=== Begin Enclosure ===

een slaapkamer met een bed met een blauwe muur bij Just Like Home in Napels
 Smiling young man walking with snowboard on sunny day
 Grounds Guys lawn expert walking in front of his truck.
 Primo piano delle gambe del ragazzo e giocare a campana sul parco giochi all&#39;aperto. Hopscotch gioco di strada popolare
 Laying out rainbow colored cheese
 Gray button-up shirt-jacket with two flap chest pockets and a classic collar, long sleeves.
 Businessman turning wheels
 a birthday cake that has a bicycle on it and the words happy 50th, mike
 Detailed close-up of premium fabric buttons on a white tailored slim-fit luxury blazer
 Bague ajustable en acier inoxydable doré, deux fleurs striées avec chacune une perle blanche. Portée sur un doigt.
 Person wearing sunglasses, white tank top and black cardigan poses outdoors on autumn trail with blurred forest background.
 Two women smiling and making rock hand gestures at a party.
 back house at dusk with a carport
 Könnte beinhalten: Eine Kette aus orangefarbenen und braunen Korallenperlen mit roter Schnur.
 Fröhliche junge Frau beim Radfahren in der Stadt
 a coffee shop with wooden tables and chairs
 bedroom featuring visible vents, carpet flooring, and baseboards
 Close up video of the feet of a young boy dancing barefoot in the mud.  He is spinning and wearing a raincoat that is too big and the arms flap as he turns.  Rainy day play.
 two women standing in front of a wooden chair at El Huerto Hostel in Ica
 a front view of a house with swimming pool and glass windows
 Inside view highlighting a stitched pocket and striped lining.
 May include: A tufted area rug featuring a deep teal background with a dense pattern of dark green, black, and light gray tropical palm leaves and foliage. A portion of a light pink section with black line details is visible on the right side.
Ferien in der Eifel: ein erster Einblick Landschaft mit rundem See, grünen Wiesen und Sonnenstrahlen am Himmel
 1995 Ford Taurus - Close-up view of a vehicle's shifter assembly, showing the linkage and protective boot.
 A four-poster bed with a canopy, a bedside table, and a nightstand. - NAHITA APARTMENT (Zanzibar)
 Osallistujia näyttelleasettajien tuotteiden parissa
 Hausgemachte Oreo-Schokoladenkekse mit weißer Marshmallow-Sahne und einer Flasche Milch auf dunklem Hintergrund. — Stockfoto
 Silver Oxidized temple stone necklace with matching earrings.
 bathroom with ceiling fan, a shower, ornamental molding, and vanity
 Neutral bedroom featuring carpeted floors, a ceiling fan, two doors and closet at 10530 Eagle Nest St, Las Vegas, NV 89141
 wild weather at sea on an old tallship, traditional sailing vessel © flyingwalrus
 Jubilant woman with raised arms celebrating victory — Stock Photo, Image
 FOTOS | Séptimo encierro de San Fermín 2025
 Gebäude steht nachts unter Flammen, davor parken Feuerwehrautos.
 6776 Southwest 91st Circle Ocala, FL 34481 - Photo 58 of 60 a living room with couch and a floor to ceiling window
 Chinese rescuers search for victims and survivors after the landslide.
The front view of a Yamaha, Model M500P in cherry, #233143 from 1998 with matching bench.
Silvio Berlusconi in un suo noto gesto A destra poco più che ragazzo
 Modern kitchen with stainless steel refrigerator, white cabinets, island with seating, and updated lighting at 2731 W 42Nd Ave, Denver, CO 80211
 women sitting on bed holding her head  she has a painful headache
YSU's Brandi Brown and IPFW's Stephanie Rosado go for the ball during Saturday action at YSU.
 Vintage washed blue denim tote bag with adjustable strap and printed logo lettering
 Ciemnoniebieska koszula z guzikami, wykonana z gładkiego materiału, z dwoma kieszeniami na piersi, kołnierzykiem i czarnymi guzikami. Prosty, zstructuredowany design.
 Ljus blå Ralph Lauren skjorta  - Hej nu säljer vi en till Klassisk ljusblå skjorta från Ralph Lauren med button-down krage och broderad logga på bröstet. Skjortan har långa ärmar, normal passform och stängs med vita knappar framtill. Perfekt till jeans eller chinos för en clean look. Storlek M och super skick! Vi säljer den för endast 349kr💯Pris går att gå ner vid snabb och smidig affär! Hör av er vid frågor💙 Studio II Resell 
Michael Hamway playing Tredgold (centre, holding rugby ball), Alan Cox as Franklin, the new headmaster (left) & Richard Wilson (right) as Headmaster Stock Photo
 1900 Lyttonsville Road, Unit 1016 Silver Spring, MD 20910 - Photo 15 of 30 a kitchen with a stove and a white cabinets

=== End Enclosure ===

- [What this task involves] Lines of the data above that include the string "matching" must each be copied.

- [Result below]
 Silver Oxidized temple stone necklace with matching earrings.
The front view of a Yamaha, Model M500P in cherry, #233143 from 1998 with matching bench.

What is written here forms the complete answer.